Additionally, there continues to be public interest and increased legislative pressure related to public companies’ environmental, social and governance (“ESG”) activities. We risk negative stockholder reaction, including from proxy advisory services, as well as damage to our brand and reputation, if we do not act responsibly in several key areas, including diversity and inclusion, environmental stewardship, support for local communities, corporate governance and transparency and employing ESG strategies in our operations.
In addition, being a public company makes it more expensive for us to obtain director and officer liability insurance. Premiums for director and officer insurance can vary substantially from year-to-year and have recently been increasing due to the growth in threatened and actual suits across public companies. In the future, we may be required to accept reduced coverage or incur substantially higher costs to obtain this coverage. These factors could also make it more difficult for us to attract and retain qualified executives and members of our Board, particularly directors willing to serve on our audit committee.
If our estimates or judgments relating to our critical accounting policies prove to be incorrect, our financial condition and results of operations could be adversely affected.

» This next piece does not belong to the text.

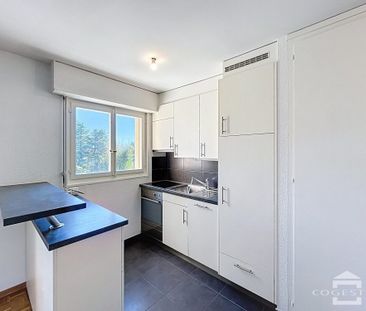 Proche de toutes commodités, appartement de 2 pièces au 2ème étage - Photo 1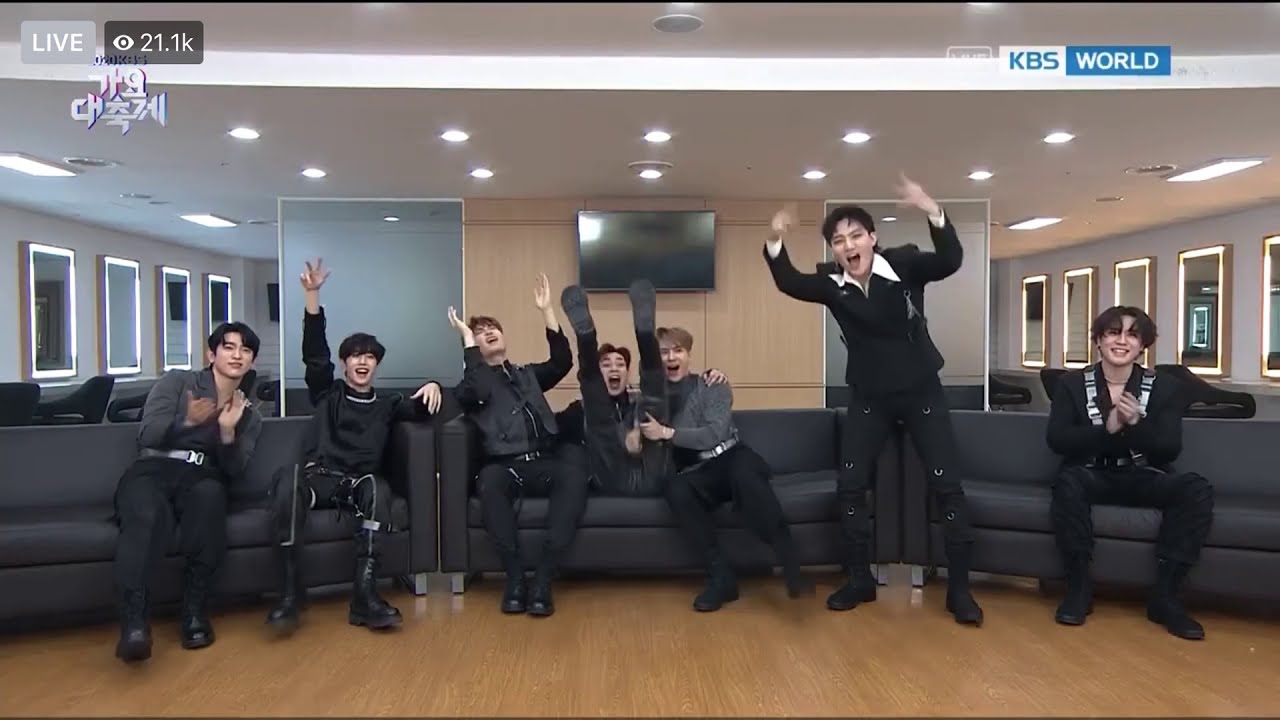 GOT7’s REACTION to special stage: Hard Carry (original : GOT7) | KBS Song Festival 2020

The preparation of financial statements in conformity with accounting standards generally accepted in the United States of America (“GAAP”). U.S. GAAP requires management to make estimates and assumptions that affect the amounts reported in the consolidated financial statements and accompanying notes. We base our estimates on historical experience and on various other assumptions that we believe to be reasonable under the circumstances, as discussed under “Management’s Discussion and Analysis of Financial Condition and Results of Operations,” included elsewhere in this Annual Report and in our consolidated financial statements included herein. The results of these estimates form the basis for making judgments about the carrying values of assets, liabilities and equity, and the amount of revenue and expenses that are not readily apparent from other sources. Significant assumptions and estimates used in preparing our consolidated financial statements include those related to stock-based compensation, revenue recognition, leases, goodwill and income taxes. Our financial condition and results of operations may be adversely affected if our assumptions change or if actual circumstances differ from those in our assumptions, which could cause our results of operations to fall below the expectations of securities analysts and investors, resulting in a decline in the price of our common stock.